## Task instructions:
Please output only the lines running from the one that contains "Norflex Anti-Inflammatory Gel 200086-30g" through the last line of the data below, exactly as they stand, with no pictures.

## Dataset extract:
+-------+

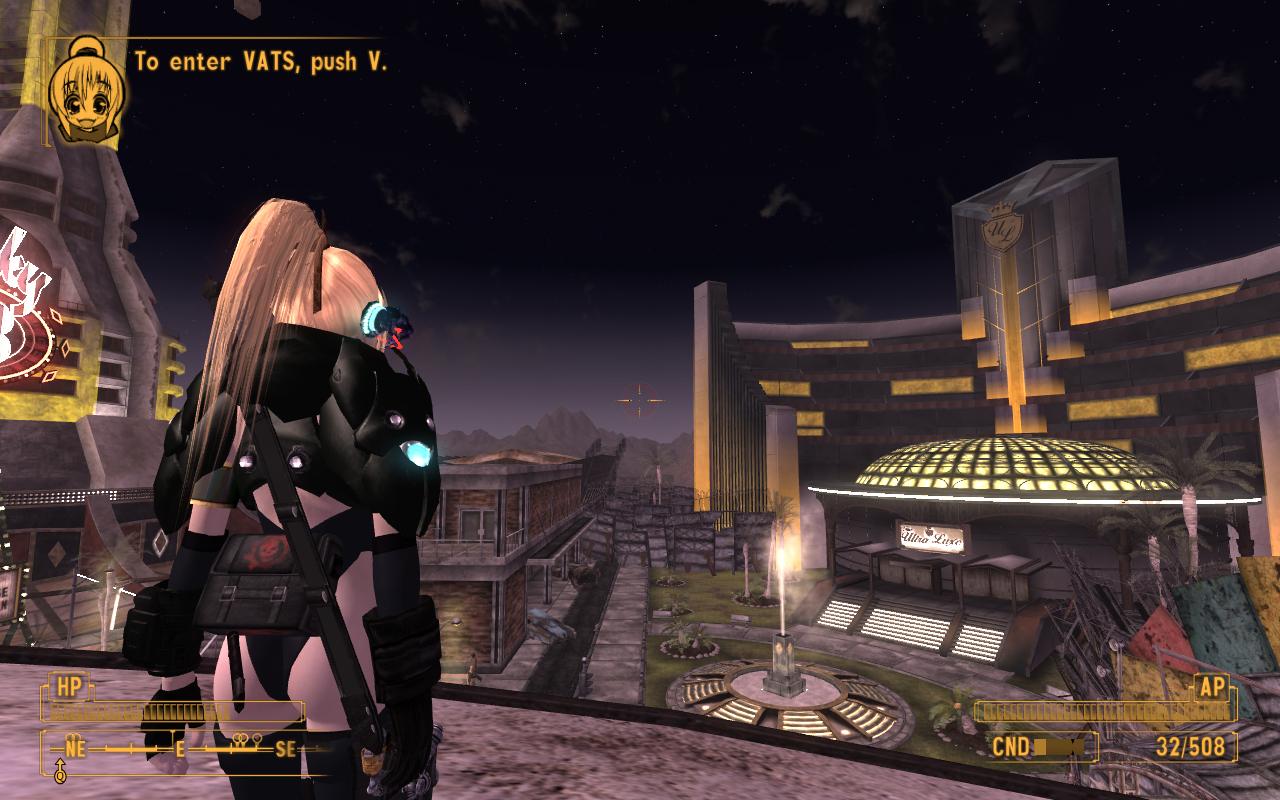 [27/10/2010] Fallout New Vegas-Mods - Mögen Sie Anime? Dann schauen Sie sich AsukaHUD an.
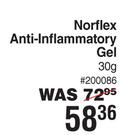 Norflex Anti-Inflammatory Gel 200086-30g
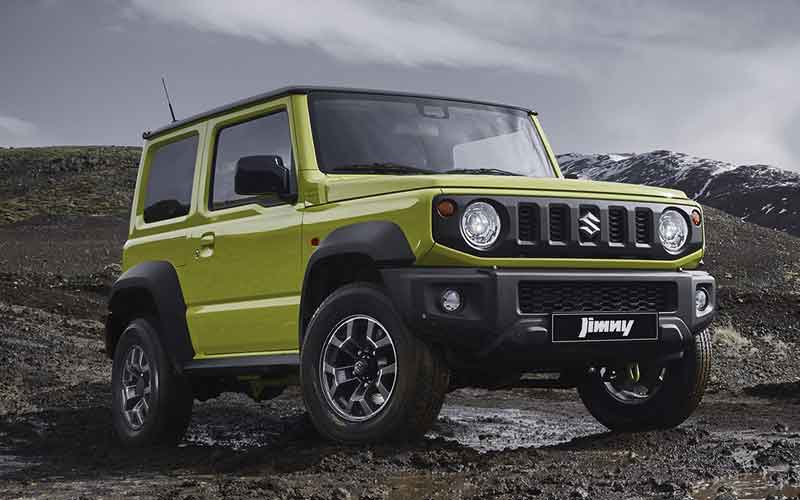 Maruti Suzuki Jimny 3 Door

+-------+

## Completed task:
 Norflex Anti-Inflammatory Gel 200086-30g
 Maruti Suzuki Jimny 3 Door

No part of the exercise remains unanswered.